Tuesday, January 24, 2012

Episode 1219: Foiled Again!

While reading in preparation for meeting with my dissertation supervisor tomorrow, I've come to realise that once again, what I was thinking of writing about has already been done before. The first iteration of my plan for the dissertation was more concerned with straightforward literary analysis, Bloom's 'anxiety of influence' type of stuff. Had to change that because some undergraduate at NUS published a paper about exactly that. Her analysis wasn't perfect, but it wasn't sufficiently flawed that picking holes in it would take up the whole of my dissertation. So I switched to thinking about the Merlion in terms of the concept of liminality as a springboard for discussing its problematic reception as a cultural icon that is also profoundly implicated in the economics of Singapore.

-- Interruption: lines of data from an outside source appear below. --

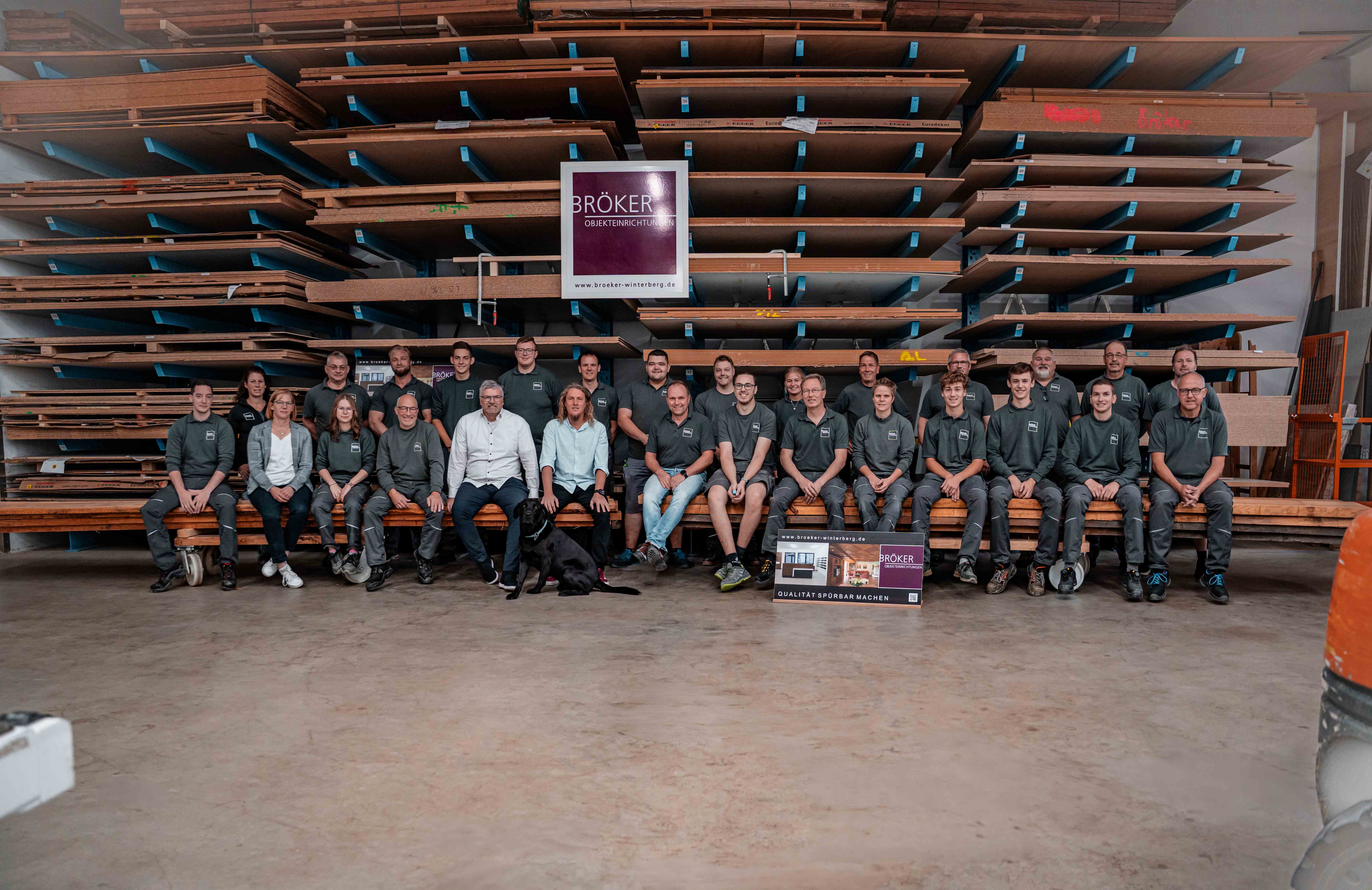 ruppenfoto der Mitarbeitenden vor einem großen Holzlager in der Werkhalle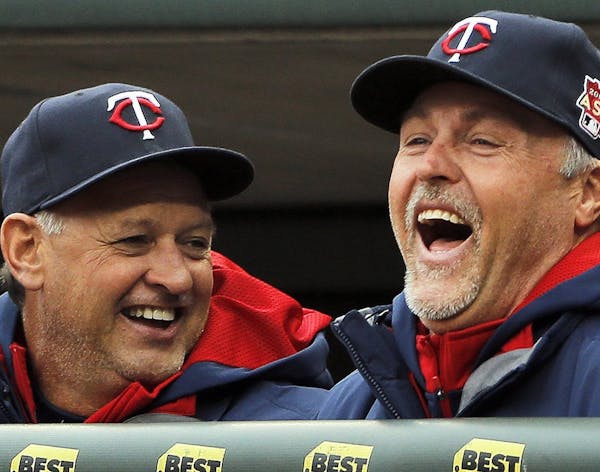 Minnesota Twins coaches Terry Steinbach, left, and Tom Brunansky share a laugh during the game against the Kanaas City Royals at Target Field in Minne
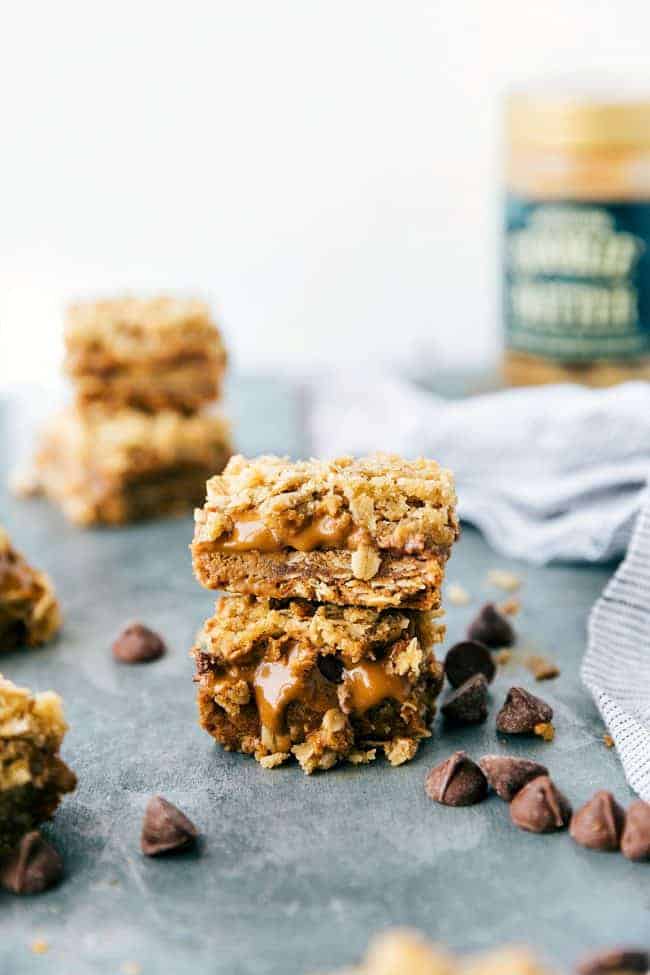 Biscoff oatmeal bar stacked on top of each other up with chocolate chips surrounding them on the table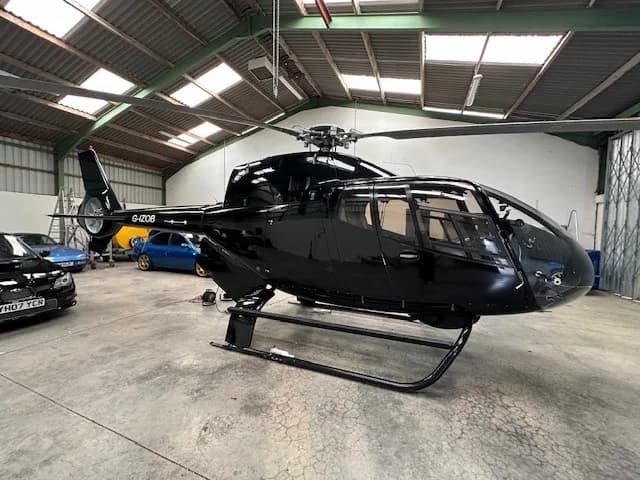 G-IZOB helicopter in a hangar with a black paint scheme.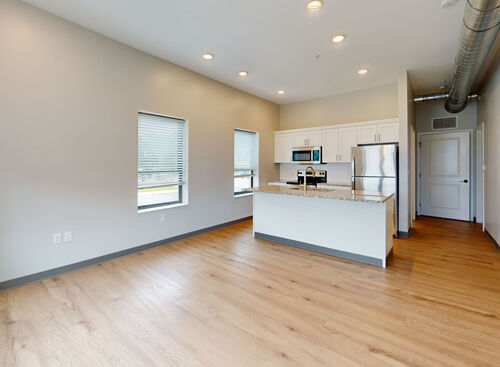 Kitchen in 2 bed walk up loft at Lofts at 128 in downtown hastings, mi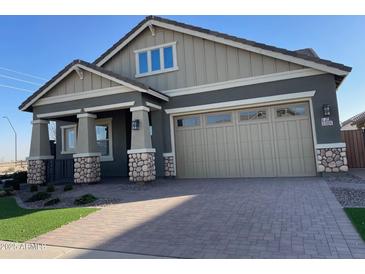 Charming single-Gathering home featuring a two-car garage and a beautifully landscaped front yard and stone accents at 23161 E Mockingbird Dr, Queen Creek, AZ 85142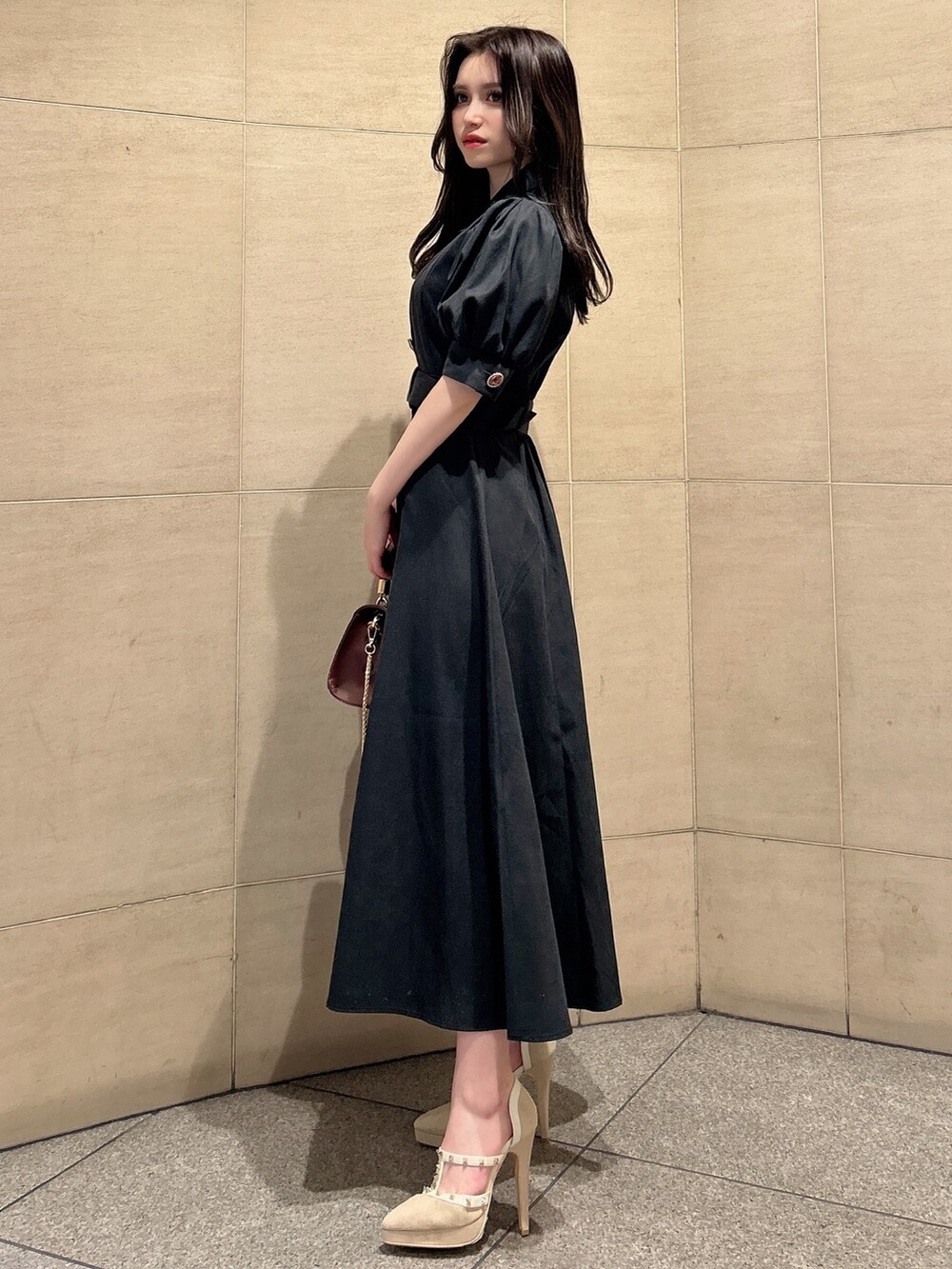 ブラック系のワンピース、ブラウン系のハンドバッグ、ベージュ系のパンプスを着用したレディースの春コーディネートの2枚目の写真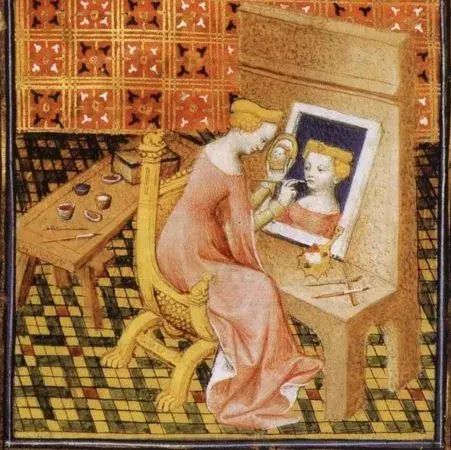 Giovanni Boccaccio’s De Mulieribus Claris (On Famous Women).

A woman is shown seated at a desk or writing table, engaged in what appears to be a scholarly or artistic activity. She is depicted in profile or three-quarter view, dressed in flowing robes of soft pink or coral color with golden blonde hair. Her posture and the positioning of her hands suggest she is either writing, painting, or examining a manuscript or mirror.

https://en.wikipedia.org/wiki/De_Mulieribus_Claris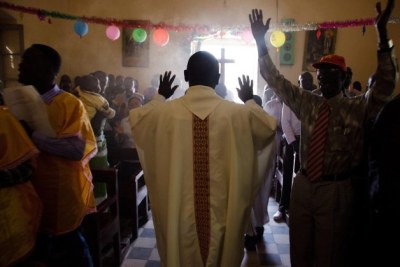 South Sudanese Christians celebrate Christmas mass at El Fasher church in North Darfur. South Sudan's different churches have remained one of the country's few stable institutions.
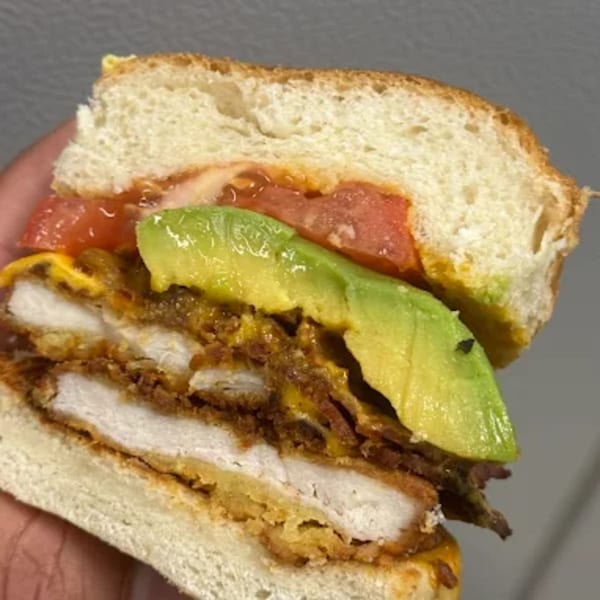 A cross-section of a Sims Cafe sandwich with fried chicken, bacon, avocado, and tomato.
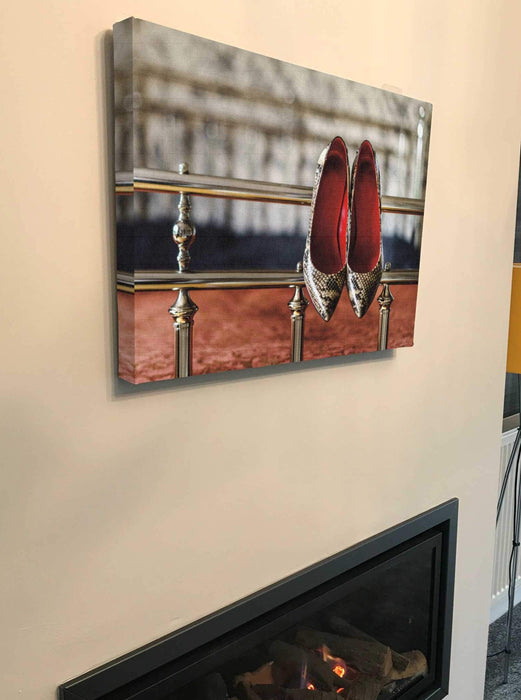 A canvas print of a pair of high heel stiletto shoes hung on the metal frame of a bed, as seen from the foot of the bed, the canvas print is hung above a fire place in a living room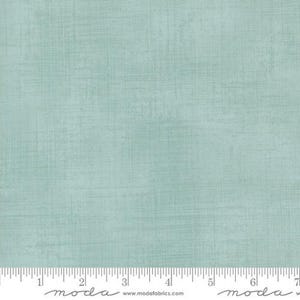 May include: A light seafoam green fabric with a subtle crosshatch texture. A white ruler is visible at the bottom edge, showing measurements in inches from 1 to 7. The text "moda" and "www.modafabrics.com" is printed along the bottom edge.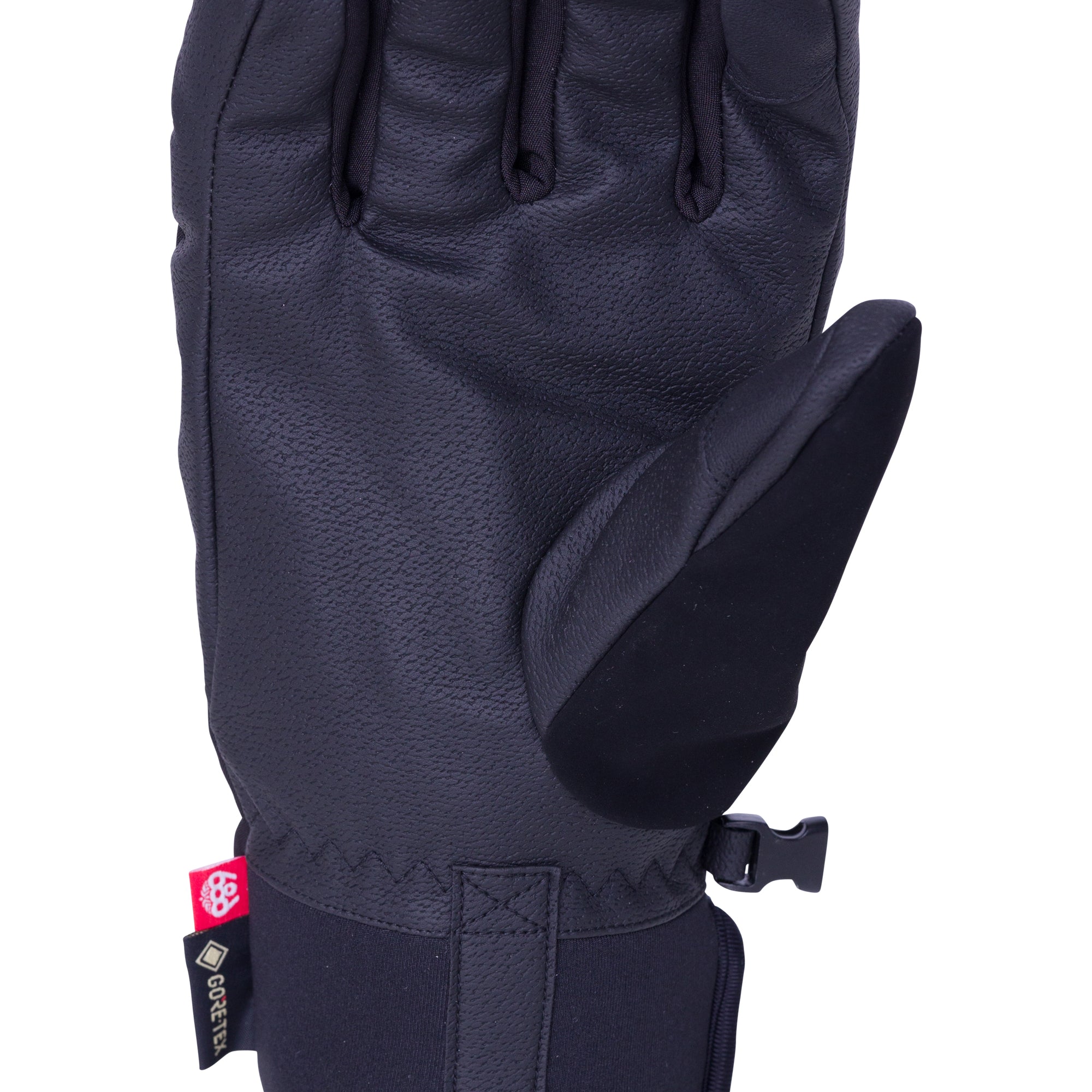 The 686 brand Linear Under Cuff Glove features black Gore-Tex material with a distinctive red tag on its cuff.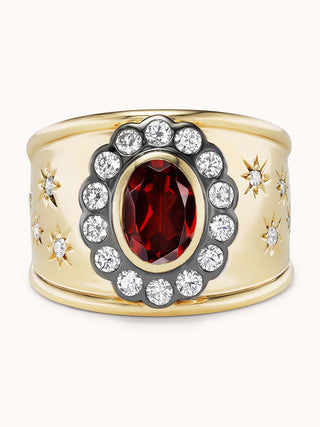 Gold cigar band ring with garnet and star designs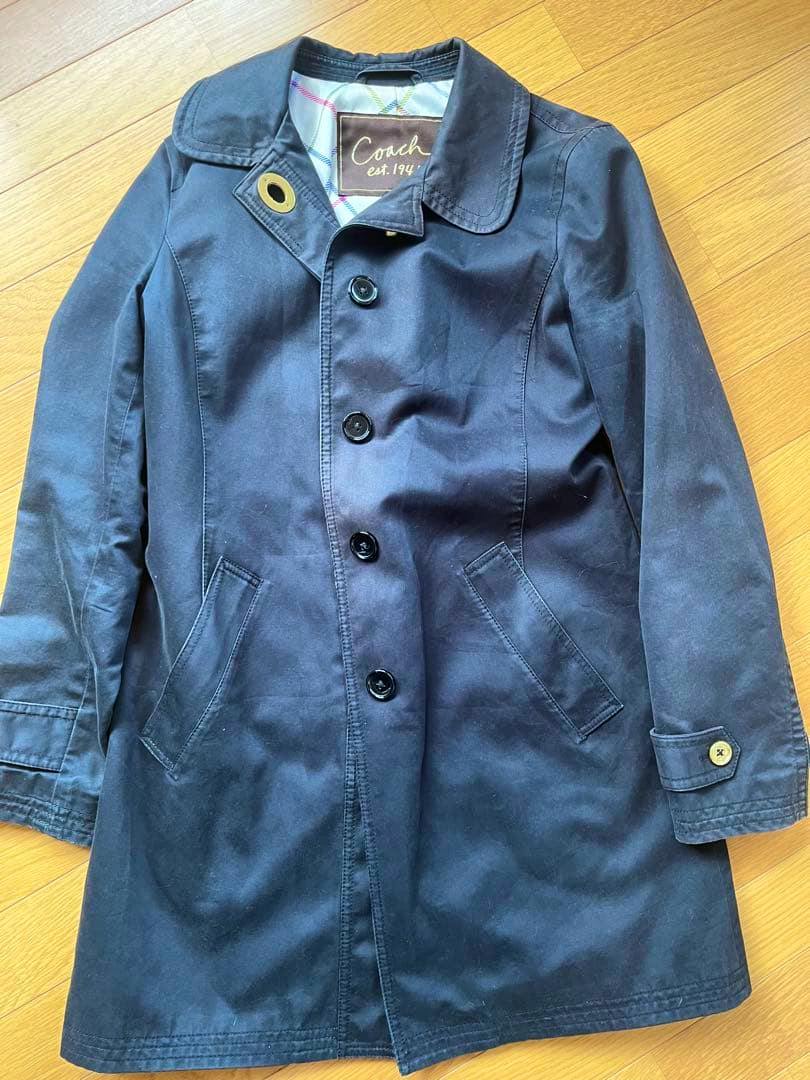 Black Coach women's cotton trench coat laid flat on a wood floor showing the front buttons and pockets.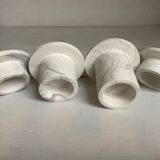 Four gypsum composite candle holders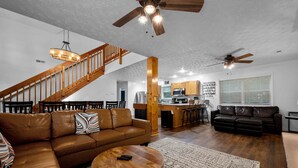 A spacious living area with a brown leather sofa, a wooden coffee table, and a staircase with wooden railings leading to an upper level.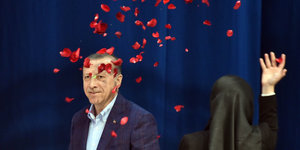 Der türkische Staatspräsident Recep Tayyip Erdogan. Im Vordergrund sind Rosenblätter zu sehen, die von einer jungen Frau mit Kopftuch in die Höhe geworfen wurden.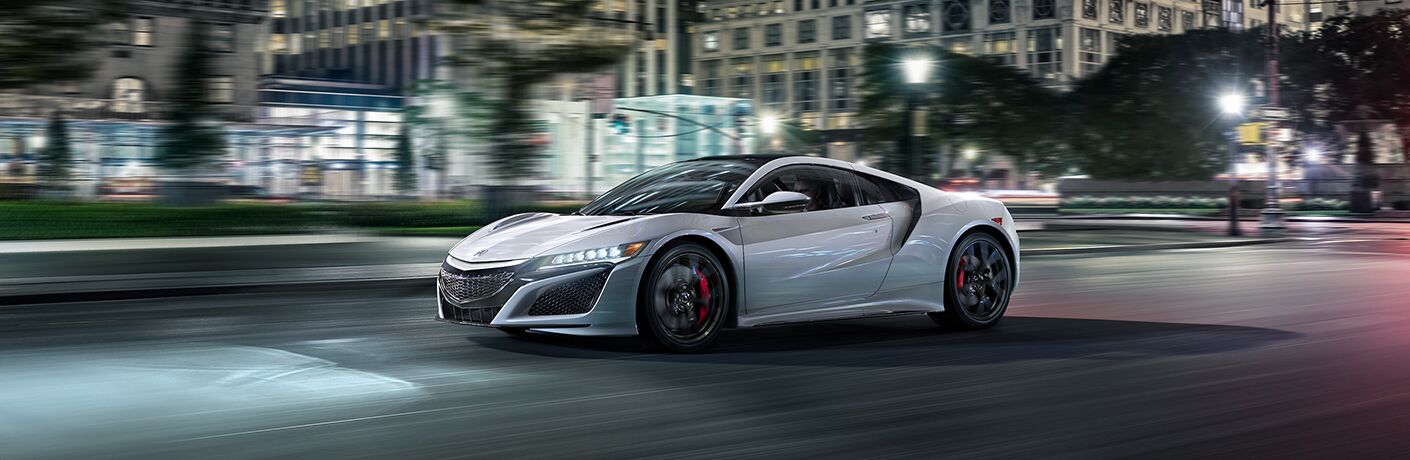 Silver 2019 Acura NSX on a City Street at Night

Turns out a pair of academics have sort of done that second half already, so it looks like in order to actually say anything new, I'm going to have to postulate that as a liminal figure, the Merlion is actually fundamentally necessary for Singapore in terms of cultural development, regardless of how it makes Singaporeans feel because of its economic significance as a tourist symbol. I've read one article so far that comes close to suggesting this, although it's phrased in terms of a dialectic that self-critiques à la Adorno and Horkheimer's Dialectic Of Enlightenment, so my take on it is still sufficiently different to justify being written about.